Making mayonnaise is hard, grueling work. Seriously. Having to beat 12 ounces of oil into 2 egg yolks and some mustard and have it emulsify, thicken, and become an actual mayo and not some sort of mayonnaise-like sauce is hard work. I think I've got "carpal whisk syndrome." There should be a checklist for preparing for culinary school, and it should start with "get an arm like Popeye's for whisking hollandaise and mayonnaise."

(Not that we can get any help from spinach these days...dammit. I really miss spinach. I know it's safe now, but tell that to my local grocery's corporate produce department. I understand they'd rather be safe than sorry, but come on!
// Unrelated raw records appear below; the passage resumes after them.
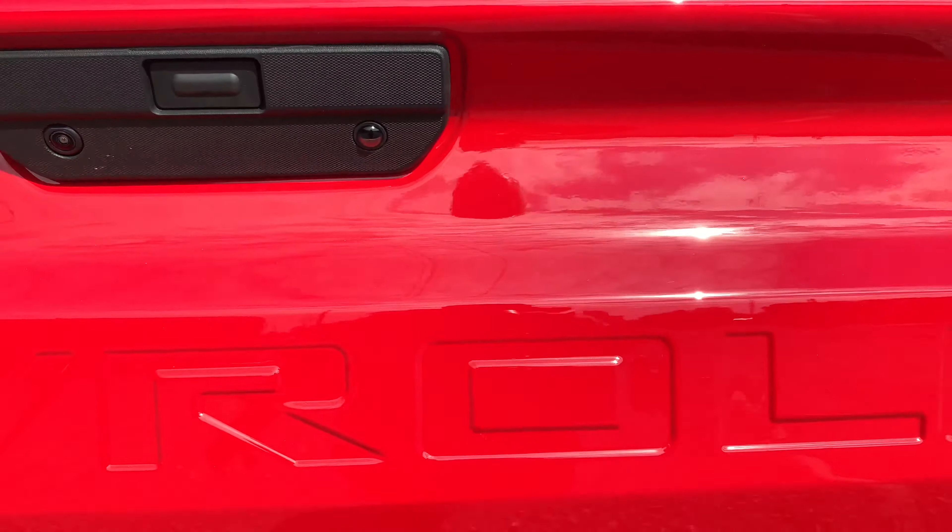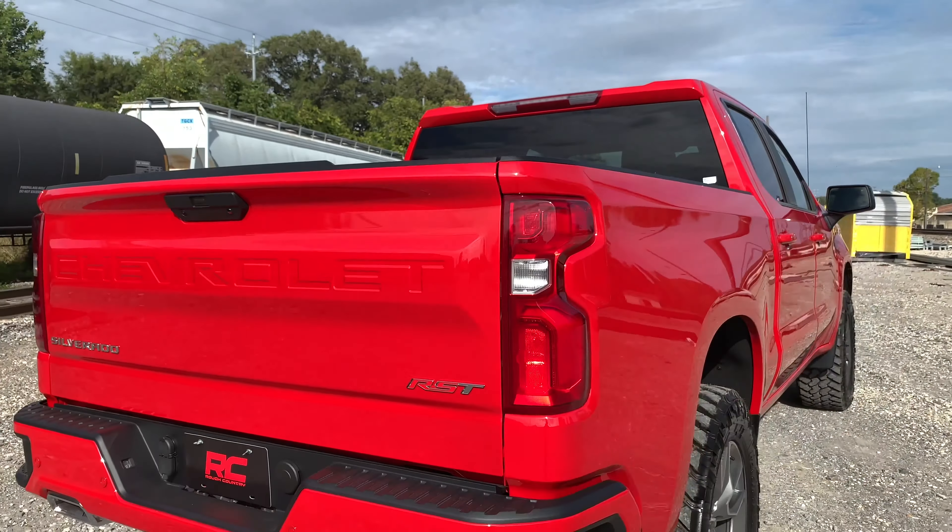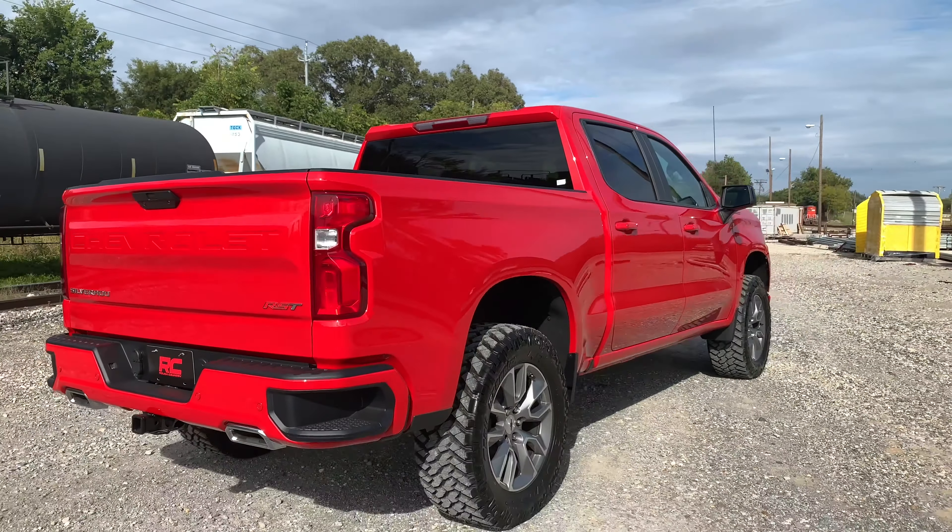The 2019 Chevrolet Silverado featured an impressive all-new design that's built from the ground up. Put the finishing touch on your truck with Rough Country's 3-inch upper control arm suspension lift.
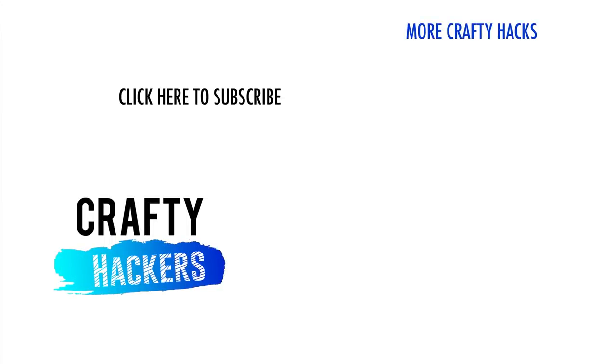Which school hack will you use the most? Let us know in the comments and feel free to share your own tricks for a successful semester! Thanks for watching Crafty Hackers! We'll see you next time!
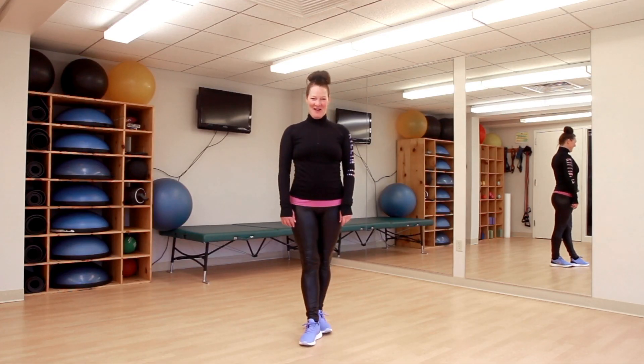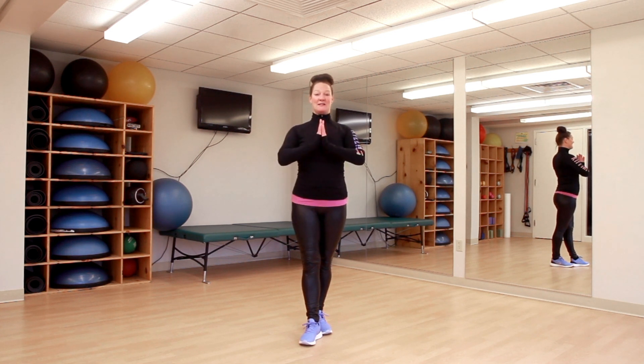Hi, fitness friends. It's Tiffany at the Lafayette Club. Today we are doing a demo of 20 seconds of yoga.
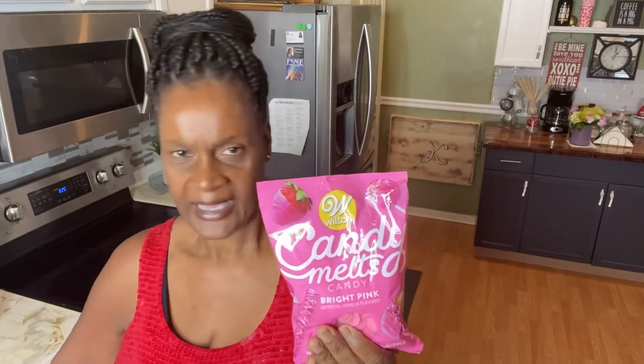Hello everyone, thanks for tuning in! Since it's so close to Valentine's Day, I thought I'd show you how you can do some quick strawberries yourself with just some white chocolate. I have white chocolate from Ghirardelli, which I bought from Sam's, and then I have some Wilton's candy melts in pink and bright white.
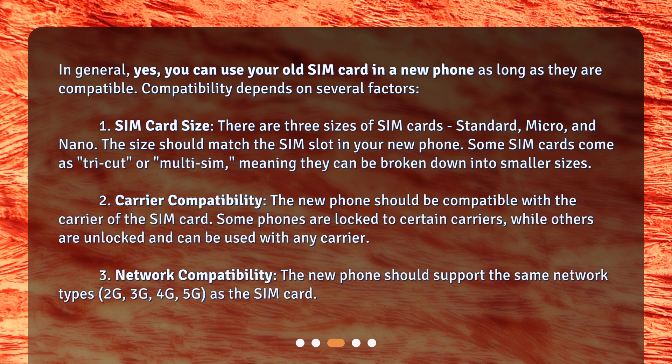2. Carrier compatibility. The new phone should be compatible with the carrier of the SIM card. Some phones are locked to certain carriers, while others are unlocked and can be used with any carrier.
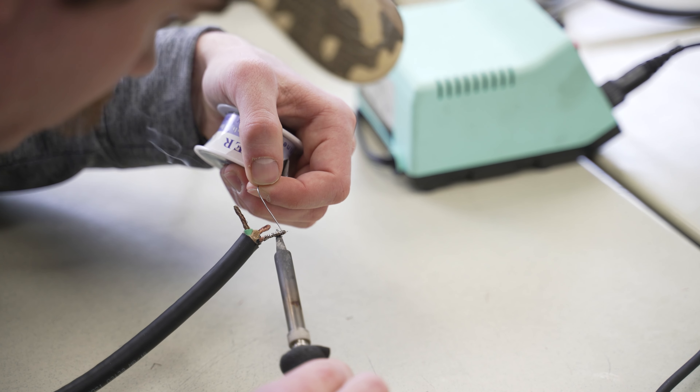Hi, I'm Carol Vincent and I teach basic electricity at the college. I teach in the electrical department and I also teach in the math department.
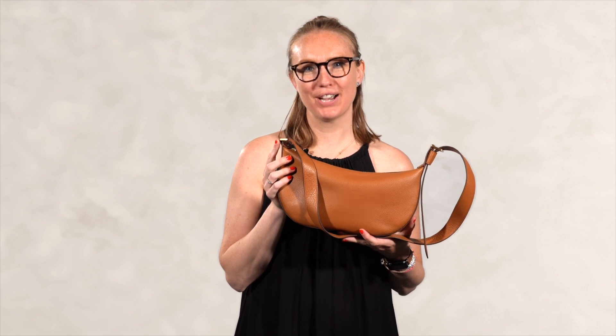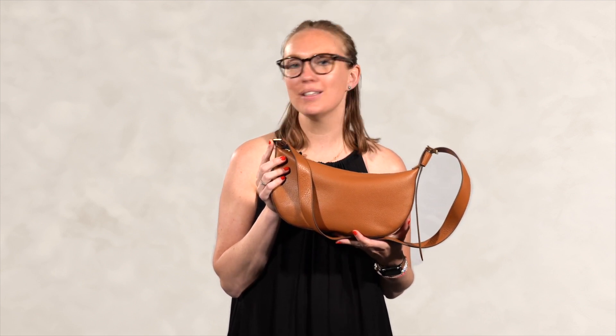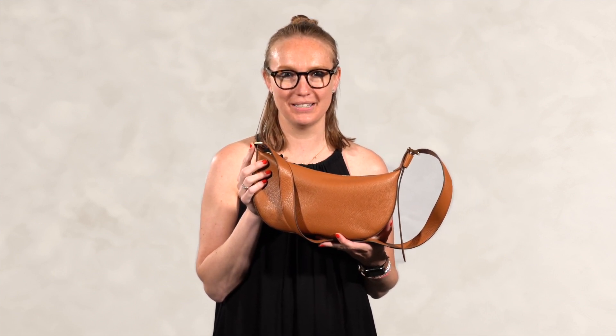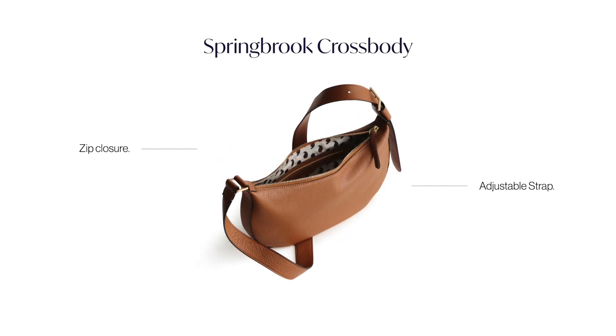Hi, this is our Springbrook crossbody in our soft pebble leather in rose to pecan. Why we love this silhouette is for multiple reasons. She has an adjustable shoulder strap where you can wear her as a crossbody or as a sling across your body. It really conforms nicely to your body and allows that shape to really drape.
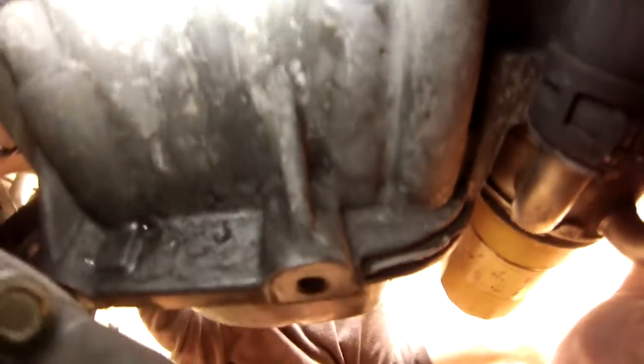I don't think it's from this side, because if you look right here, there's more coming from the right-hand side. Most of that's already evaporated, or done whatever the coolant does.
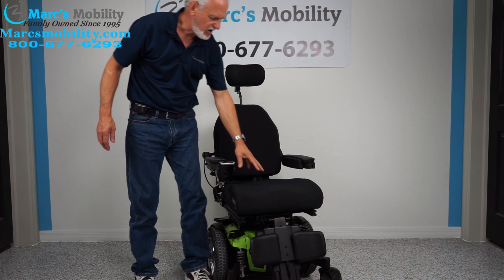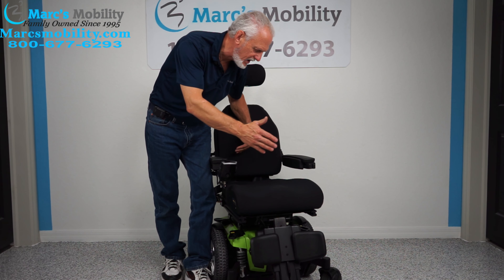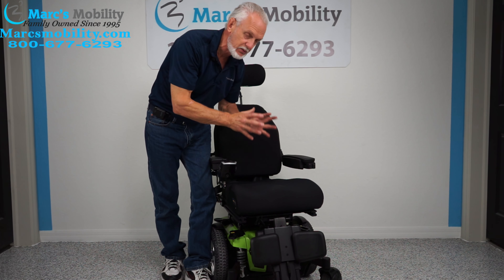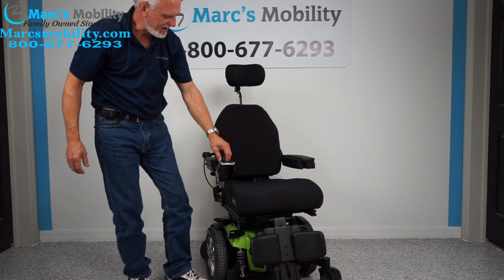The seats on these chairs are adjustable. If you need a 20-inch by 20 or an 18, we can take these cushions off, expand these seats, and change all the cushions so this chair will fit you. If you needed a chair fitted, just let us know and we'd be glad to help you out.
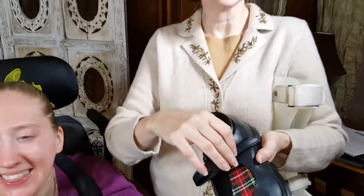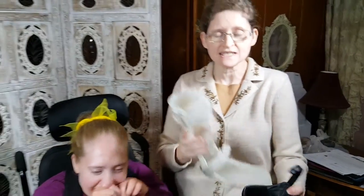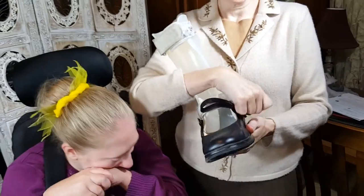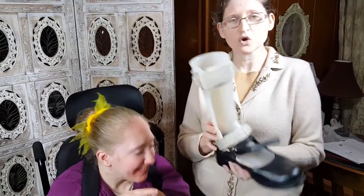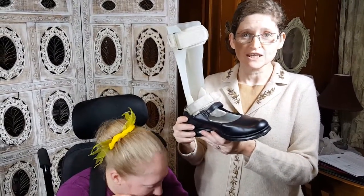Now she has a new pair of Mary Janes. I always get the kind that velcro and not the kind that buckle, just because it's easier and it's faster. Her foot fits right into the Mary Janes shoe and it velcros right across here — this is what Micah wears every single day.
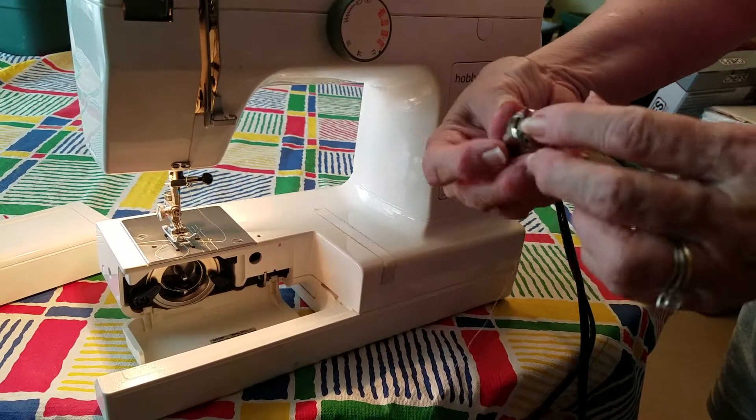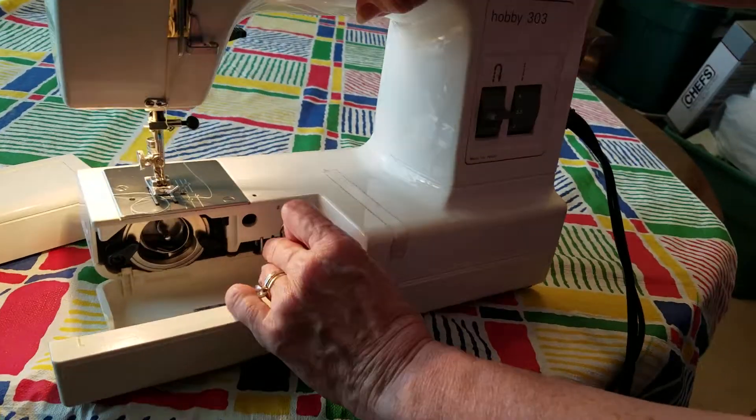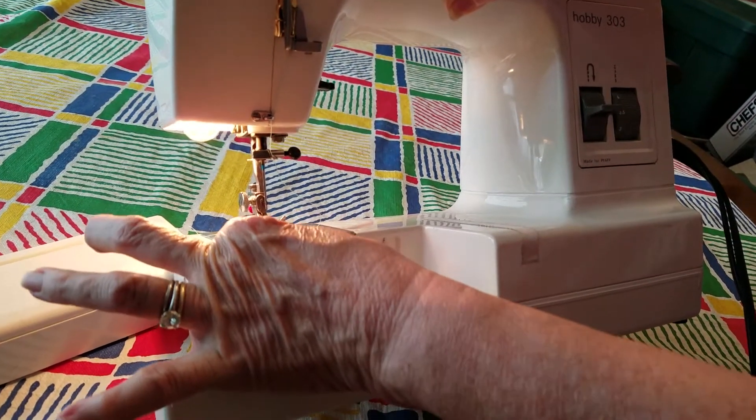And you put it back in. You're going to do the same thing — get a hold of this little latch. You want to have this little thing pointing up. You can see that there is a little place for that little pointy place right at the top. So you just put it in like that.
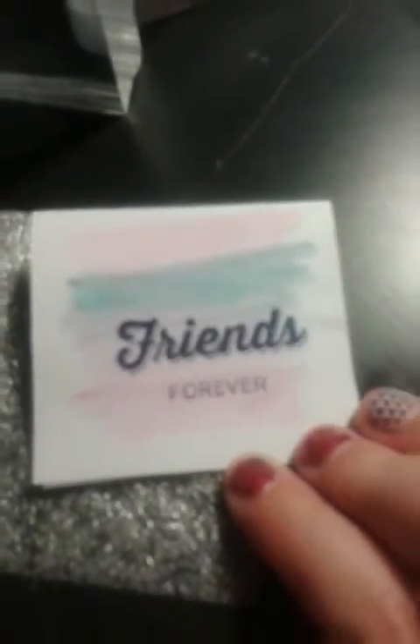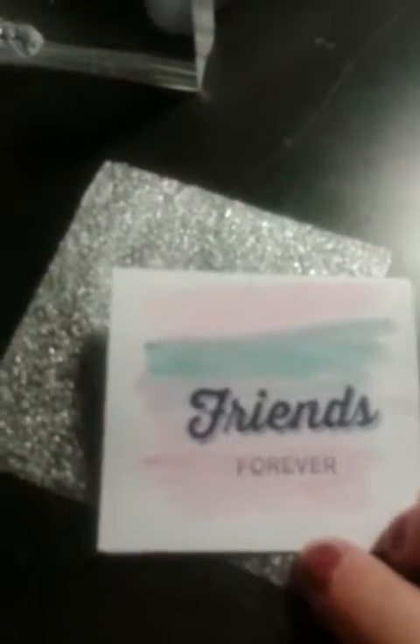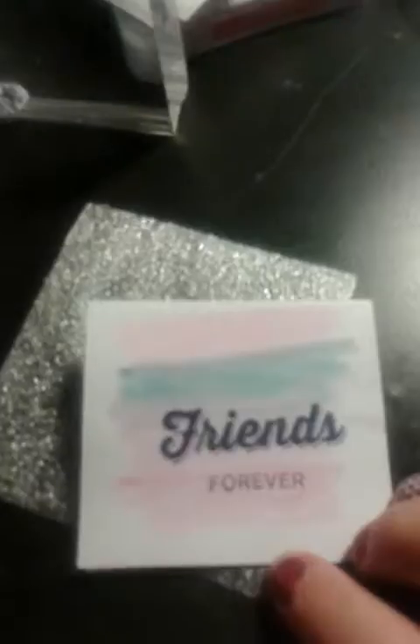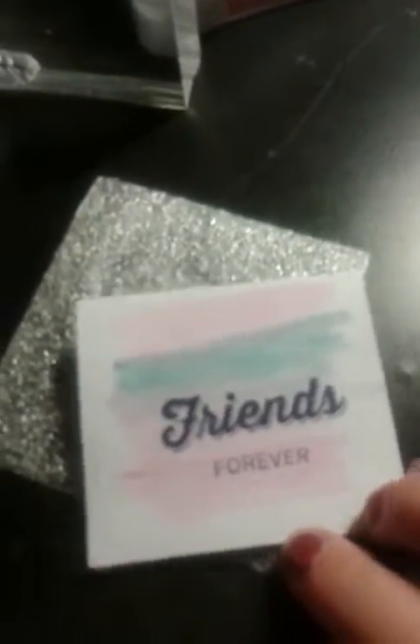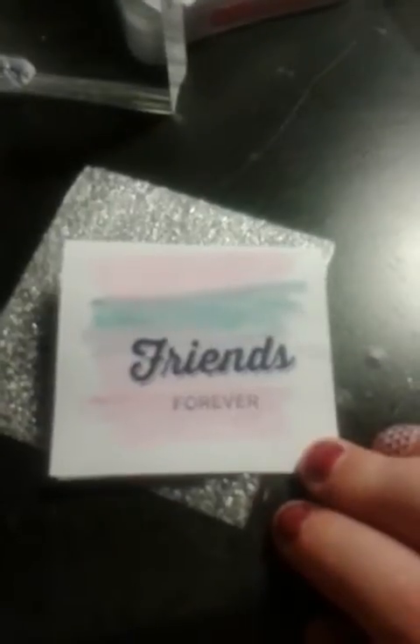The inside is going to say 'thinking of you.' My friend is having a test today and I thought this would be good just to let her know I'm thinking about her and that I love her. So I'm going to put that with some chocolate and put that on her desk at work. Thank you for watching.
I needs me spinich!!) (And, did you know (cue Jeopardy theme) there are four types of spinach: savoy, flat, semi-savoy, and baby? Although China is the world's biggest producer, spinach originated in Iran 2,000 years ago. It reached China about 600 C.E. and Spain 500 years later. Early settlers brought it to America.)

I digress...which is not unusual, is it?

Back to our regularly scheduled programming...oh, yeah, the mayonnaise. Me, the Chiclet, Mr. Big Stuff (who may need to be renamed, since he's redeeming himself), and the Omelet King (Big Stuff's partner who makes perfect omelets) were tasked with making mayonnaises with olive oil rather than canola, with an eye towards turning them into aiolis.

Mayonnaise with olive oil is some weird stuff. It has that very distinctive olive flavor, and it looks greenish. Mayonnaise made with canola or some other neutral oil tastes (and looks) much more like the jarred stuff we're used to eating. After whisking for what seemed 6 hours or so, none of us managed to make mayonnaise. We all had varying degrees of thickness, but nothing that remotely resembled firm. In fact, out of the entire class of 14, only Mother Hen managed to make a real, honest-to-Hellman's kind of mayo. The olive oil-based ones were just blecch. I really like the flavor of the olive oil we use at school, which is some cold pressed extra-virgin stuff that Head Chef gets specially for the school, but there was just way too much of it in the flavoring of the mayonnaise.

Then, we took our mayonnaise products and made other dressings...creamy Caesar, tartar sauce (made with real Tartars!), bleu cheese, creamy black peppercorn, and I forget the oily rest. The aioli was okay, but it was still too olive oily for my taste.

If you really get the urge to try making mayonnaise for yourself, here's the recipe we used, which makes about 1 pint; if you need more, increase the egg yolks to 3 and the oil to 24 ounces and then double the rest of the ingredients.

Ingredients

2 Egg yolks, pasteurized

1/2 fl oz Water

1/2 fl oz White wine vinegar

1 tsp Dry mustard

12 fl oz Vegetable oil, olive oil, or mild peanut oil

Salt as needed

Pepper as needed

1/2 fl oz Lemon juice, as needed

Procedure

1. Combine the yolks, water, vinegar, and mustard in a bowl. Mix well with a balloon whip until mixture is slightly foamy.

2. Gradually add the oil in a thin stream , constantly beating with the whip, until the oil is incorporated and the oil is thick. (If your arm feels like it's falling off, then you're doing it right. When your arm falls off, it should be done)

3. Adjust the flavor with salt, pepper, and lemon juice to taste

4. Refrigerate the mayonnaise immediately

After we mayoed ourselves out, we made vinaigrettes, which are a more temporary emsulsification. You still have to beat your arm senseless, but not as long as with mayo.

Chef said that you get better results if you use a balloon whisk, with the larger head and more space between the wires,as opposed to a French whisk, which is tighter and narrower. He said that the more air you can beat into the mayonnaise, the more successful you will be. But, the easiest and most successful way is to use a food processor! Julia Child might call that cheating, but I call it an arm saver. I yam, what I yam!

1 comment:

Anonymous said...

You mean to tell me that someone other than Mr. Hellman actually MAKES mayo?? Crazy, just crazy! Next you will tell me that Mrs. Heinz is not the only Ketchup producer. What is this world coming to?